WORK ORDER →
Once the pictures are removed, return each record below exactly as written.

Segment Start: DATASET RECORDS

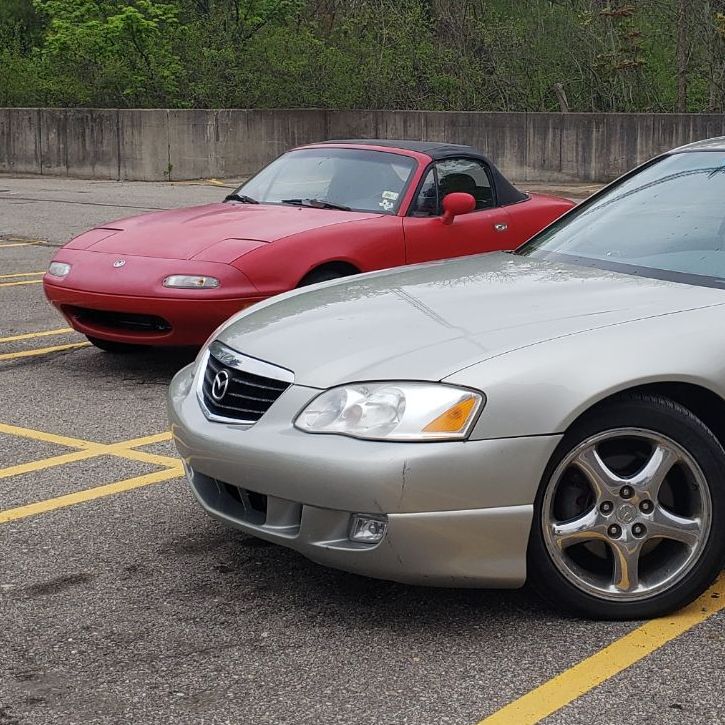 Profile of George Arango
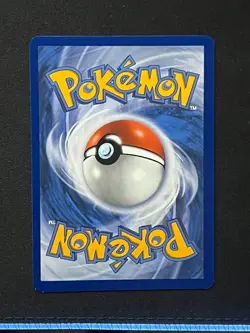 Misty's Psyduck 045/182 Reverse Holo, Destined Rivals , Pokemon - NM - Image 2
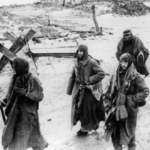 Las peores guerras de la historia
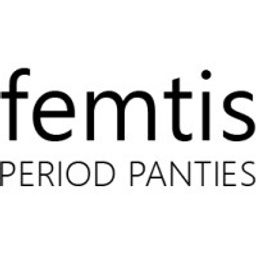 femtis Logo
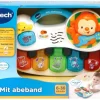 Clearance Vtech Baby mit abeband Spil &Amp; Puslespil
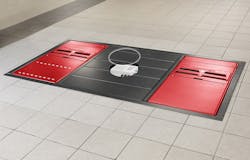 Thumbnail Quick Tread In Ground Box Round Small 57ec2be0b52d5 Thumbnail Quick Tread In Ground Box Round Small 57ec2be0b52d5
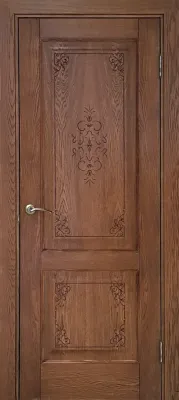 Торино ПГ дуб коньяк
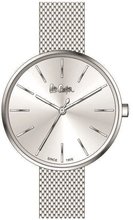 Lee Cooper LC06762.330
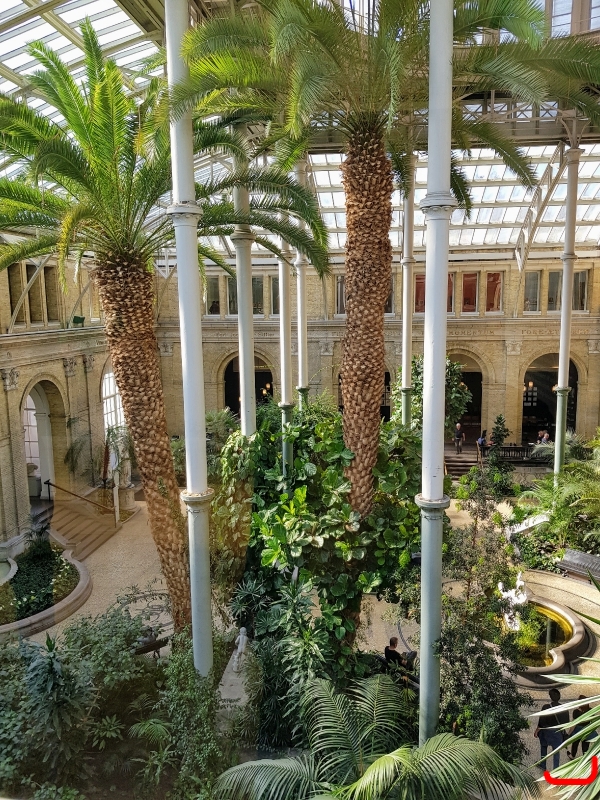 День 4 - Копенгаген_7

Segment End: DATASET RECORDS

RESPONSE BELOW →
 Profile of George Arango
 Misty's Psyduck 045/182 Reverse Holo, Destined Rivals , Pokemon - NM - Image 2
 Las peores guerras de la historia
 femtis Logo
 Clearance Vtech Baby mit abeband Spil &Amp; Puslespil
 Thumbnail Quick Tread In Ground Box Round Small 57ec2be0b52d5 Thumbnail Quick Tread In Ground Box Round Small 57ec2be0b52d5
 Торино ПГ дуб коньяк
 Lee Cooper LC06762.330
 День 4 - Копенгаген_7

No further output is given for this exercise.